BEGIN Material provided
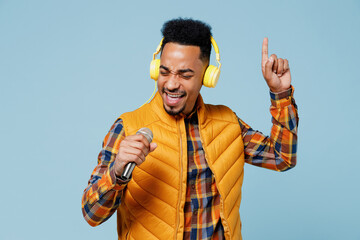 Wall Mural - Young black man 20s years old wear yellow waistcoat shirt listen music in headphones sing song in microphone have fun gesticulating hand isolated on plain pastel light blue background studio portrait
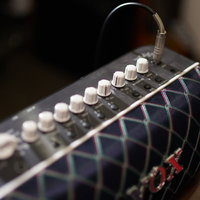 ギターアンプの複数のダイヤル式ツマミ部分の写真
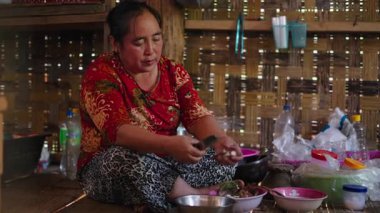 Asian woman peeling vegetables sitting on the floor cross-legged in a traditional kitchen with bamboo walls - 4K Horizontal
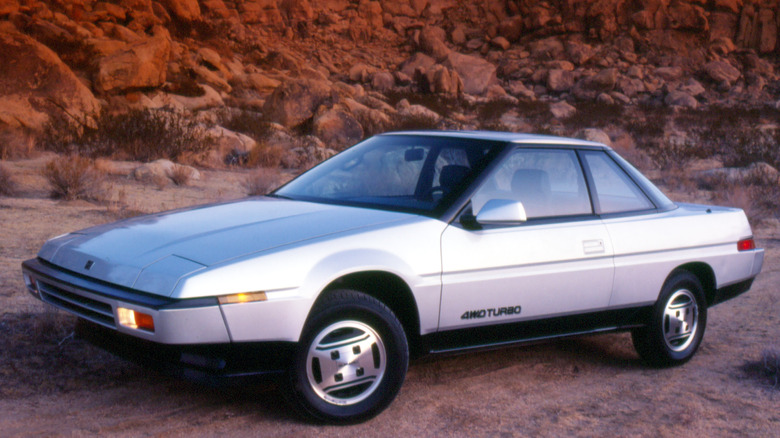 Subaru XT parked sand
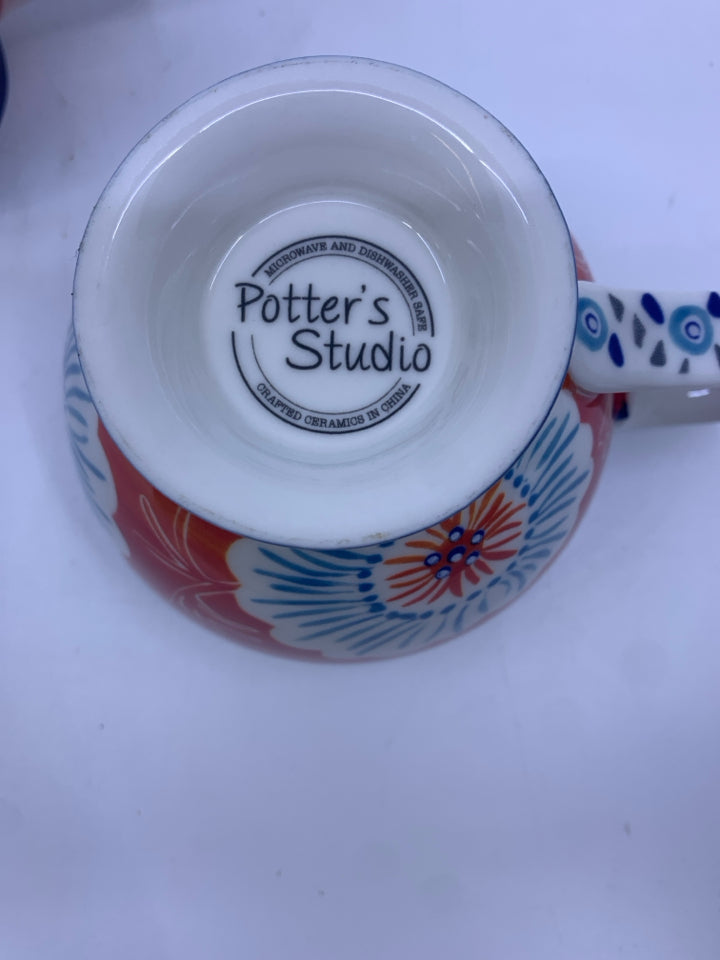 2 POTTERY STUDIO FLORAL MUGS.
END Material provided
• **Work request**
The result should be a verbatim copy of the data, free of pictures.

• **Result below**
 Wall Mural - Young black man 20s years old wear yellow waistcoat shirt listen music in headphones sing song in microphone have fun gesticulating hand isolated on plain pastel light blue background studio portrait
 ギターアンプの複数のダイヤル式ツマミ部分の写真
 Asian woman peeling vegetables sitting on the floor cross-legged in a traditional kitchen with bamboo walls - 4K Horizontal
 Subaru XT parked sand
 2 POTTERY STUDIO FLORAL MUGS.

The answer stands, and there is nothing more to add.